After all, Conquer Kids openly describes the initiative as “a historic milestone” and “a new standard for grassroots growth and community engagement in the fastest-growing sport in America.”
The Allen-Stevenson School, a pricey K-8 institution where tuition goes for more than $60,000 per pupil, is located not far from Carl Schurz Park on E. 86th St. After the sport and its proponents arrived at the public park—which abuts Gracie Mansion—a sort of low-intensity public conflict flared up, in what Our Town dubbed the “Pickleball Wars.”

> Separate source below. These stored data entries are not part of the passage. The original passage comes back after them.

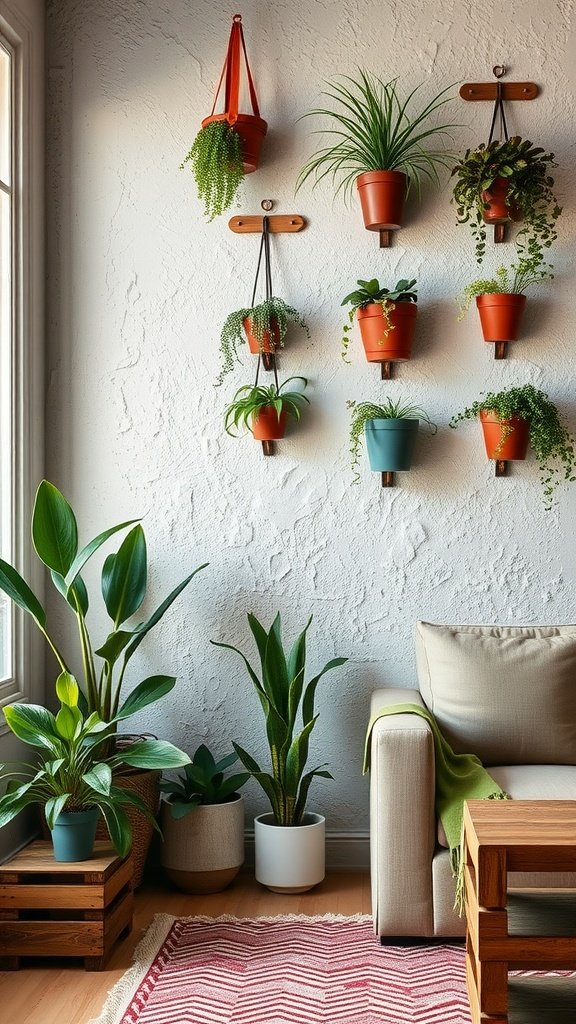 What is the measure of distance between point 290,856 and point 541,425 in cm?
156

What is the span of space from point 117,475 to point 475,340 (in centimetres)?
130

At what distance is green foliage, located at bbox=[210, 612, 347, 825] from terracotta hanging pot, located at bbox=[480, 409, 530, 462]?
831mm

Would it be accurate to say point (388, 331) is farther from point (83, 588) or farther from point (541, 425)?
point (83, 588)

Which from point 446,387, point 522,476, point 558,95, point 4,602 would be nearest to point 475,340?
point 446,387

It’s unclear if that simmering beef, which has involved certain local residents expressing frustration that “picklers” successfully took over half of the park’s recreational space for their own usage, will find any parallels in the Conquer rollout targeting NYC schools.
Pickleball, after all, has already found a foothold in other school systems across the United States.
It’s now being offered as a varsity high-school sport in the Montgomery County public system in Maryland, for example, with one 15 year-old participant telling NPR that its appeal stems from its character as “a very casual game” that you can also “play competitively...with your dad or your grandma.”